3. Le soutien apporté par des vecteurs budgétaires extérieurs à la mission

En dépit de la hausse des crédits informatiques, et dans l'objectif de réduire la pression sur ses dépenses d'investissement et de les allouer à d'autres projets, la DGFiP et la DGDDI recourent à des vecteurs budgétaires extérieurs pour cofinancer le développement de plusieurs de leurs projets.

À titre d'exemple, 18,8 millions d'euros ont été octroyés à la DGDDI par le Fonds pour la transformation de l'action publique 53 ( * ) pour son projet 3D (cf. supra ), tandis que la DGFiP a bénéficié de 14 millions d'euros sur son projet Pilat (pilotage du contrôle fiscal) et de 28,7 millions d'euros en 2020 pour le système RocSP ainsi que pour la refonte du fichier des comptes bancaires et assimilés (Ficoba).
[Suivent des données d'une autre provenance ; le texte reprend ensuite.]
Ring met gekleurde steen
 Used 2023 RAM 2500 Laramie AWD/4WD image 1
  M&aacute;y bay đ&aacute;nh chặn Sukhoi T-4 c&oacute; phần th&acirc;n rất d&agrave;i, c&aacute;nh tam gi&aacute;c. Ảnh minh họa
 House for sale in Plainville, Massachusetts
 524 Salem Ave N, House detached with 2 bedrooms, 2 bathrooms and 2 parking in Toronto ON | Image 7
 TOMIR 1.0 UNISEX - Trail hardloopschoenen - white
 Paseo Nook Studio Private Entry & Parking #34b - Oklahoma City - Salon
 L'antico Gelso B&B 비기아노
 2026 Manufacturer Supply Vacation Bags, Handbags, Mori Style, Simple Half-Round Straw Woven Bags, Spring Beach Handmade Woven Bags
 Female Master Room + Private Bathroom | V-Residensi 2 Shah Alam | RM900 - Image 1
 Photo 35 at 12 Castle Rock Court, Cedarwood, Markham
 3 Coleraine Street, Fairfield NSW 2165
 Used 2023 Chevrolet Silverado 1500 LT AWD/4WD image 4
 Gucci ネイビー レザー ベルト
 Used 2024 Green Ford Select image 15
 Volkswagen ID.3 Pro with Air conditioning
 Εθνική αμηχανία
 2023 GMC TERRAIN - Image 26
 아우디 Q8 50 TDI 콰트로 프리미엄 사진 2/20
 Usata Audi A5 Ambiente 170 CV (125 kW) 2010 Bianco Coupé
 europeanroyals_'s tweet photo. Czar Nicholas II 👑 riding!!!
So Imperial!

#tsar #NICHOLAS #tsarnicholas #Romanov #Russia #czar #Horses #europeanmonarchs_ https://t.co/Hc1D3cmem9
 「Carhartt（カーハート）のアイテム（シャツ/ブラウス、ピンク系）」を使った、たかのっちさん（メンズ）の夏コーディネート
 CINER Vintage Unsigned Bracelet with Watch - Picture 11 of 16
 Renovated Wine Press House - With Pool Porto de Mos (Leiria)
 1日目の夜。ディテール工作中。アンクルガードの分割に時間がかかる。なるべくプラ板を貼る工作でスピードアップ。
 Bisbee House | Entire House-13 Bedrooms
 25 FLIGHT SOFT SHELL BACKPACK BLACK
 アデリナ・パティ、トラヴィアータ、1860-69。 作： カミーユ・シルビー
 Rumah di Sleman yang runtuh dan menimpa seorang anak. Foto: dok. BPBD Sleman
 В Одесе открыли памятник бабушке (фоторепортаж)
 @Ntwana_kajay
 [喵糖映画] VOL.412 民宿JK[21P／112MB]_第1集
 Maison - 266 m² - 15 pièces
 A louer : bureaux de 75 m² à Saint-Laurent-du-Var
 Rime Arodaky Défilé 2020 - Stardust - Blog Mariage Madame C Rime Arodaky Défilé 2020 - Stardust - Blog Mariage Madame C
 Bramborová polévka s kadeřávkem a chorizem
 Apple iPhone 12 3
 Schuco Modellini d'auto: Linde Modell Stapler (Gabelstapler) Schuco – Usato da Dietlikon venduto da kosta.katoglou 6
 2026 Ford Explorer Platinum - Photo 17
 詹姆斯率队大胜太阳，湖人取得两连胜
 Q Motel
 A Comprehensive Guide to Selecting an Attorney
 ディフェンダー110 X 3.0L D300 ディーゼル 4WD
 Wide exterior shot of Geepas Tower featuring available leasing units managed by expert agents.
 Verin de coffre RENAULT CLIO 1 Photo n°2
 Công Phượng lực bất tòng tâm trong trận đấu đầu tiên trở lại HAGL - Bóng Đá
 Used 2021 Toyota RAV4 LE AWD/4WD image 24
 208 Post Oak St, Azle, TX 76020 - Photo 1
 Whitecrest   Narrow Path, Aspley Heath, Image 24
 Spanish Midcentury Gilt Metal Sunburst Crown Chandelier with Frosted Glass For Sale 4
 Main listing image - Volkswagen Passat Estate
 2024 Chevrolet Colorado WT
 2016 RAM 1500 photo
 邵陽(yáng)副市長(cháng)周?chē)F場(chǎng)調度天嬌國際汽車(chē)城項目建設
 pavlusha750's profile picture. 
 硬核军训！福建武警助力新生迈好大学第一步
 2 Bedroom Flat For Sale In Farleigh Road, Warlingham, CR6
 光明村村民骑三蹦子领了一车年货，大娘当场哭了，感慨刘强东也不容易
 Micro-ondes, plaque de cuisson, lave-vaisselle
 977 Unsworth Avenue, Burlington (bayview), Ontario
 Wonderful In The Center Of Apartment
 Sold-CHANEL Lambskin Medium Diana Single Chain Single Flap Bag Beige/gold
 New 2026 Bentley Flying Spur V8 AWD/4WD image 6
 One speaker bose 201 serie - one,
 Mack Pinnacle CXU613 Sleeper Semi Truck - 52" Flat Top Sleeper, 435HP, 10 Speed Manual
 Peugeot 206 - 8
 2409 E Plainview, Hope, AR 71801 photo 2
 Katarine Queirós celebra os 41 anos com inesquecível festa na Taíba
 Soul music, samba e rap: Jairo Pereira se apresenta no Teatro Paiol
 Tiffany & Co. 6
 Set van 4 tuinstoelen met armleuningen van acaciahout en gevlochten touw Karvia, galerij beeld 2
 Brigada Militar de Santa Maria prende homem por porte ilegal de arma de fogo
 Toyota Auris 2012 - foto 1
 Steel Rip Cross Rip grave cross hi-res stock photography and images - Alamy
* 49 D'après les données figurant dans la communication de la Cour des comptes à la commission des finances du Sénat sur le pilotage des grands projets numériques de l'État (juillet 2020), où elle opère une comparaison entre la France, les États-Unis, la Suède, le Royaume-Uni ou le Canada.

* 50 D'après les données transmises en réponse au questionnaire budgétaire des rapporteurs spéciaux.

* 51 Cour des comptes, Les systèmes d'information de la DGFiP et de la DGDDI , avril 2019. Communication à la commission des finances, de l'économie générale et du contrôle budgétaire de l'Assemblée nationale.

* 52 Ministère de l'économie, des finances et de la relance, Bilan des réformes de productivité de l'action publique , octobre 2021.

* 53 Programme 349 de la mission « Transformation et fonction publiques ».